#### The data
■ ■ ■ ■

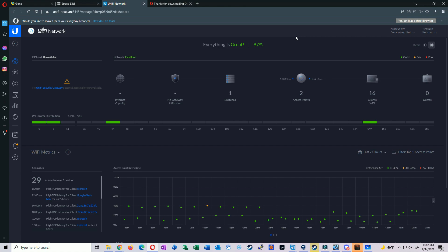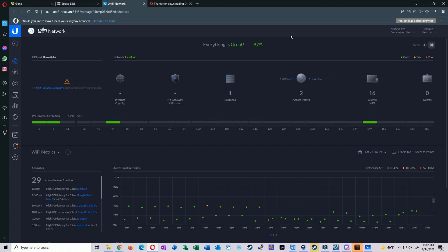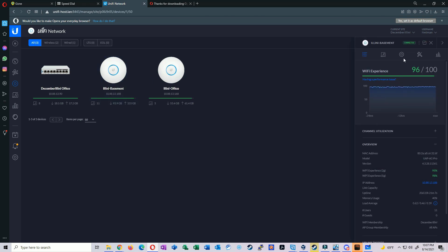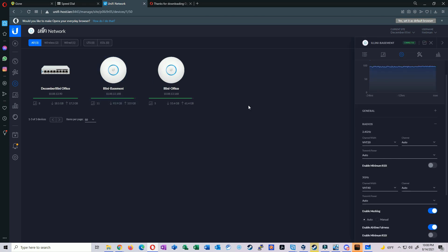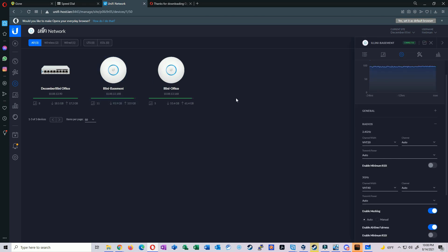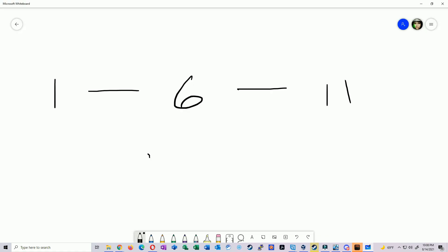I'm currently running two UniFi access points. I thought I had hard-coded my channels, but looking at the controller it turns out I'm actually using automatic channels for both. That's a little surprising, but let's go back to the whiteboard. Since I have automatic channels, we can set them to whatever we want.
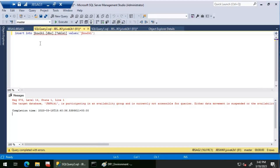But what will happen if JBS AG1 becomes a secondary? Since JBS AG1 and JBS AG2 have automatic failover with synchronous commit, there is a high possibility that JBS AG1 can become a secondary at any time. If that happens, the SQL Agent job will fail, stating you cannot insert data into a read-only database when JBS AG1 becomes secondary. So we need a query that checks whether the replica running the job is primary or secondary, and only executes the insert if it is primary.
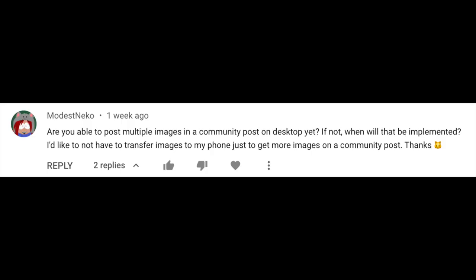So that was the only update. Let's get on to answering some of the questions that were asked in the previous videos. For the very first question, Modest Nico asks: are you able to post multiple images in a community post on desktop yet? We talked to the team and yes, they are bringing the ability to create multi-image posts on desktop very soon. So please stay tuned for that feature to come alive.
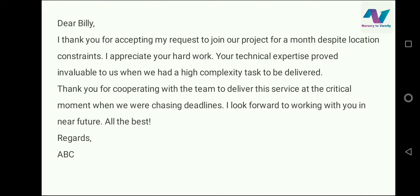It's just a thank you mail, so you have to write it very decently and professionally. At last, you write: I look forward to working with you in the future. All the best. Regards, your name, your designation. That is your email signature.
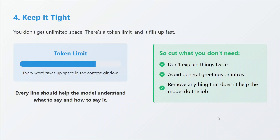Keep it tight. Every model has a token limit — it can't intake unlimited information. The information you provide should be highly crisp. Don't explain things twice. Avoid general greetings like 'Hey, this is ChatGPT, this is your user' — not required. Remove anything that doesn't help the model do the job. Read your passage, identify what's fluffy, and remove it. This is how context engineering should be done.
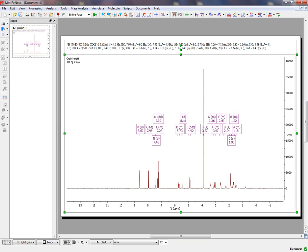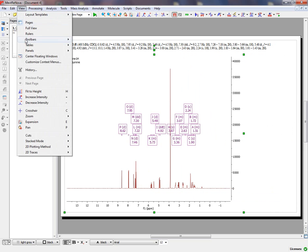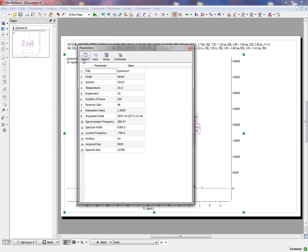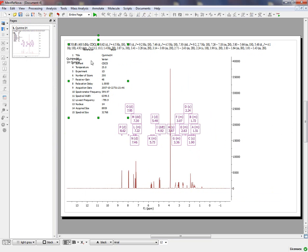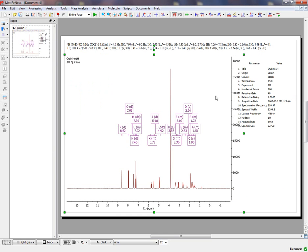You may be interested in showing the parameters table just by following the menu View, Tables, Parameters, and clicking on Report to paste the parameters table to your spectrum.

■ ■ ■ ■

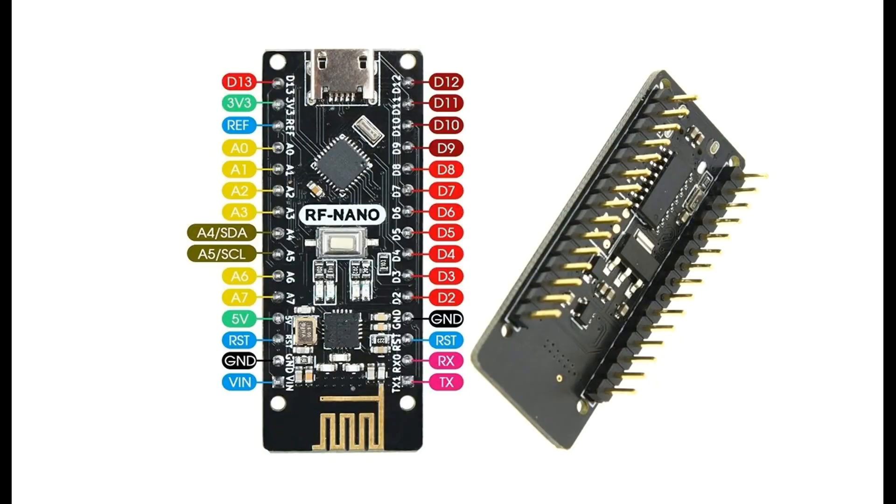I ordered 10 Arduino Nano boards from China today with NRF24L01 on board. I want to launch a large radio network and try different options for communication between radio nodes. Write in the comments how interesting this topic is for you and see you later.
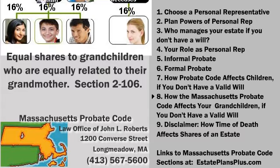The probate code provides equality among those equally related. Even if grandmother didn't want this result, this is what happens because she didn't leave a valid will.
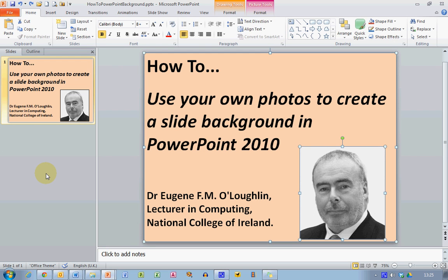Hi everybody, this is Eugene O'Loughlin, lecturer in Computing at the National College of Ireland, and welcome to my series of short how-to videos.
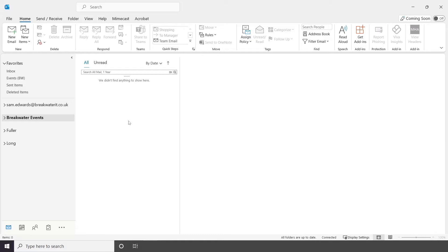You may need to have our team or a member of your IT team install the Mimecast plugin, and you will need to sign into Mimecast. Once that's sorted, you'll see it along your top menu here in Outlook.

■ ■ ■ ■

#### Problem to work on
The stretch to restate runs from the line above containing "Hi everybody, this" through the line containing "You may need". Copy it word for word, ends included, without pictures.

#### Answer to this task
Hi everybody, this is Eugene O'Loughlin, lecturer in Computing at the National College of Ireland, and welcome to my series of short how-to videos.
You may need to have our team or a member of your IT team install the Mimecast plugin, and you will need to sign into Mimecast. Once that's sorted, you'll see it along your top menu here in Outlook.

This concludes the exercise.